We've lost the ability to see what is happening to us; that our values have led us to an existence where we have to overindulge to find any sense of meaning or happiness. But the version of happiness that it brings leaves us worse off than when we began. We watch celebrities who have the means to pursue this vision of life crash and burn. The unrestrained life we are looking for is a dead end. The refusal to set limits is self-destructive. Like Paul writes in 1 Cor. 6, “I have the right to do anything,” but that doesn't mean it's good for our lives. Our sexual overindulgence is not good for us, individually or as a people. All of this has been tried before, historically. Cultures which refused to set limits have all imploded.

Jesus didn't come to repress or shame. He came to offer life. “I have come that they may have life, and have it to the full” (John 10:10). What the world offers, with its unrestrained sex, is not life. It is something offered instead of the life that Jesus is talking about. It is a substitute, a way to compensate for the absence of such a life. A way to dull the pain, to distract us from our emptiness and lack of self-worth. What Jesus was offering was the thing we were built to have. The thing we were made for. The thing that provides meaning and fulfillment. We don't give something up when we accept what he offers. We gain something that meets our deepest needs.

Paul writes 1 Corinthians to Christians who live in a culture that was not very different from ours, with regard to its view on sexuality. It was a culture on the decline.
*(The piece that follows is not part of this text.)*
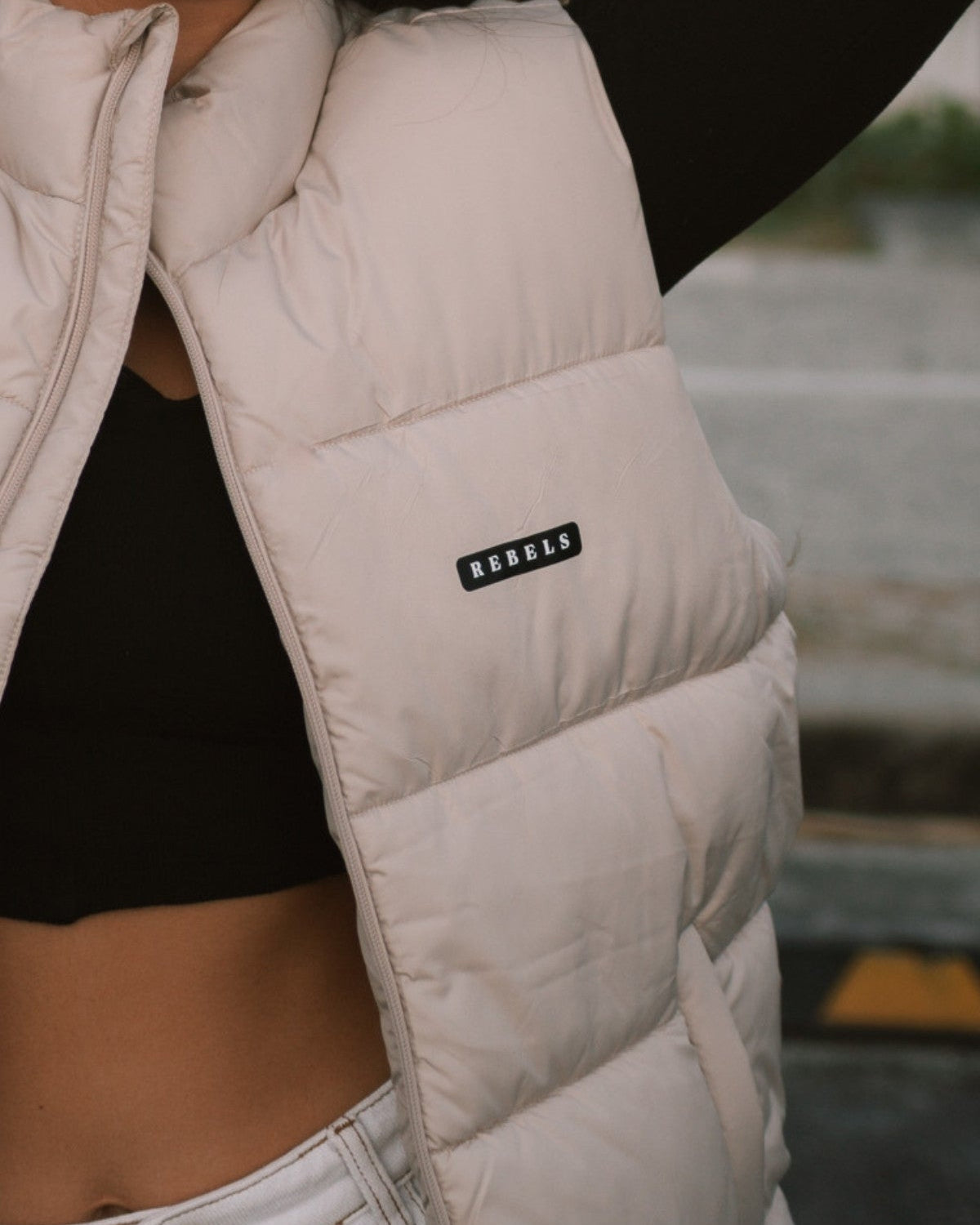 Rebels Puffer Outdoor Vest - Beige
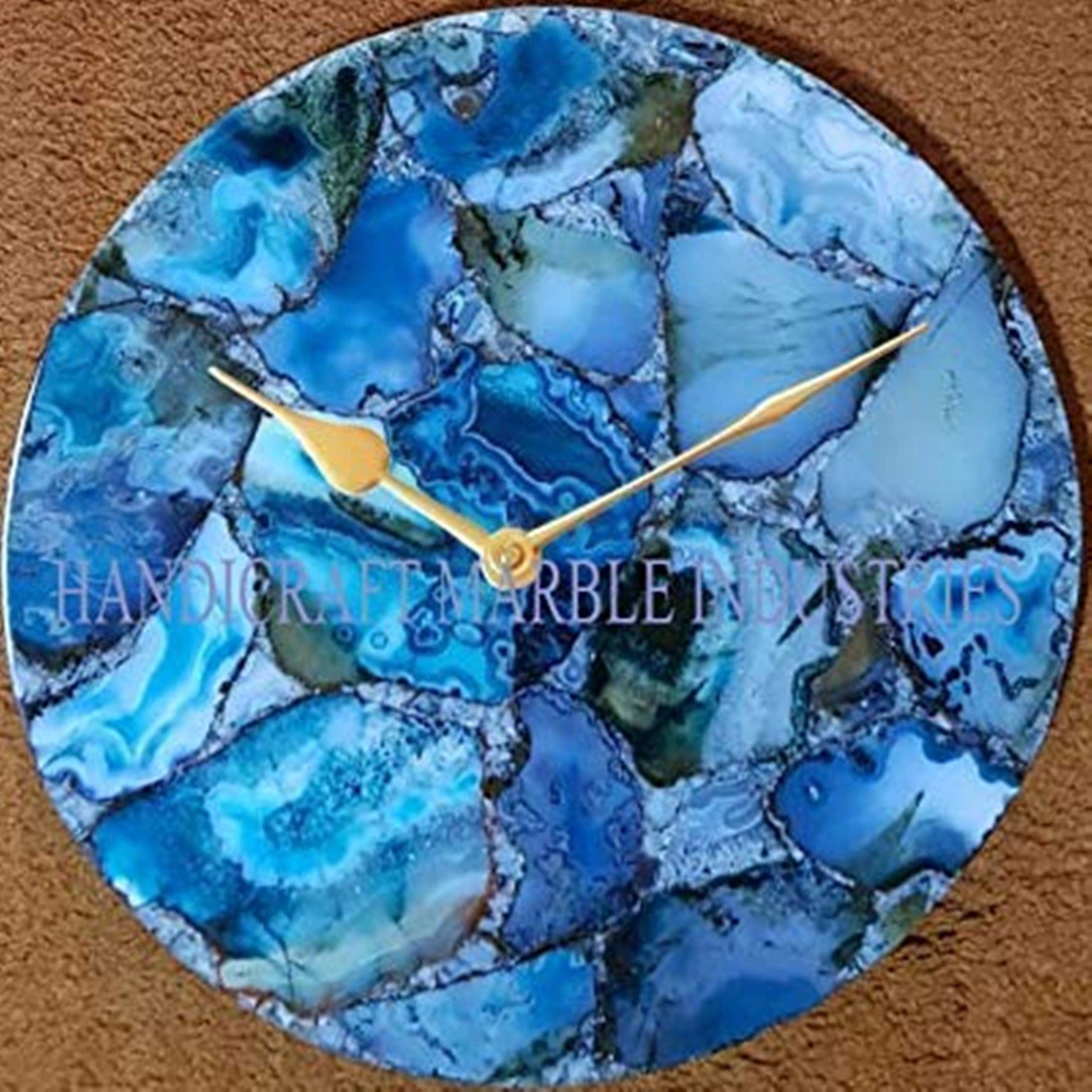 10 Inch Blue Agate Round Wall Clock - Natural Stone Decorative Clock for Home & Office - Unique Conversation Piece Gift for Housewarming, Birthday & Anniversary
And while the growth of Christianity delayed its fall, it couldn't stop it. But within that culture, men and women who put their trust in Jesus Christ found the life that he promised. We were built for holiness. The one who made us created us for it—to contain his life. That's what Paul is saying. We were made to have sex, and to enjoy it greatly, but within the context of a loving, life-long commitment. If we use it the way it was intended to be used, we have the life we were intended to have, and become the people we were meant to be. That leads to self-worth, as well as valuing others. We have peace and joy, fulfillment and purpose. This is why we believe sex is reserved for marriage. It leads to that life, and everything that goes with it. If we try to use sex some other way, we don't have that life. We have instead what we see in American culture today.

Jesus' offer of life is as relevant today as it was then. People of all times were built by the same Creator, and meant to experience fulfillment on the same terms. Christianity is not about rules intended to limit your fun, but a guideline to have the life you were meant to have. That's the life you want, believe me. I've tried it the other way, and there is nothing there. Reject the lies that this world tells you, that keep you on a path to even deeper emptiness, and grab hold of the life that is truly life.